Im November 1918 einigten sich lokale Vertreter beider Seiten auf eine vorläufige Grenzziehung, die Entscheidung über den endgültigen Grenzverlauf sollten die jeweiligen Landesregierungen fällen. Doch entgegen dieser Abmachungen wurden die Wahlen zum polnischen Sejm im gesamten Teschener Schlesien abgehalten, was von Seiten der Tschechoslowakei als Verletzung der Absprachen betrachtet wurde. Daraufhin eskalierte im Januar 1919 der Streit und es kam zu einer mehrtägigen kriegerischen Auseinandersetzung – just zu dem Zeitpunkt, als die Alliierten in Paris über die Nachkriegsordnung berieten. So kam der Streitfall um das Teschener Schlesien auf die Tagesordnung der Konferenz. Das Ergebnis war ein Waffenstillstand und der Beschluss, im Jahr 1920 eine Volksabstimmung abzuhalten, die die Interalliierte Kontrollkommission unter dem Vorsitz Frankreichs beaufsichtigen sollte. Der Stempel „bewarb“ sozusagen die Volksabstimmung.
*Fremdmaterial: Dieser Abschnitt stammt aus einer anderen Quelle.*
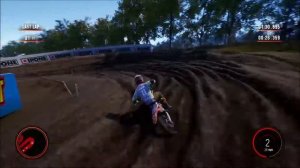 [10] MXGP 2019 - Career Mode Walkthrough (No Commentary)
Die Vorbereitungen zur Volksabstimmung waren jedoch von starken sozialen Spannungen, gegenseitigem Misstrauen und Gewaltakten begleitet, sodass auf deren Durchführung schließlich verzichtet wurde. Stattdessen entschieden am 28. Juli 1920 in Spa die Vertreter der Botschafterkonferenz über den Grenzverlauf. Die Grenze bildete über weite Teile die Olsa und verlief damit mitten durch die Stadt Teschen. Der Ostteil der Region wurde polnisch, der westliche Teil durch den die Kaschau–Oderberger Bahn führte und in dem sich das Bergbau- und Hüttengebiet befand, wurde der Tschechoslowakei zugesprochen. Zufrieden mit dem Grenzziehung waren beide Seiten nicht.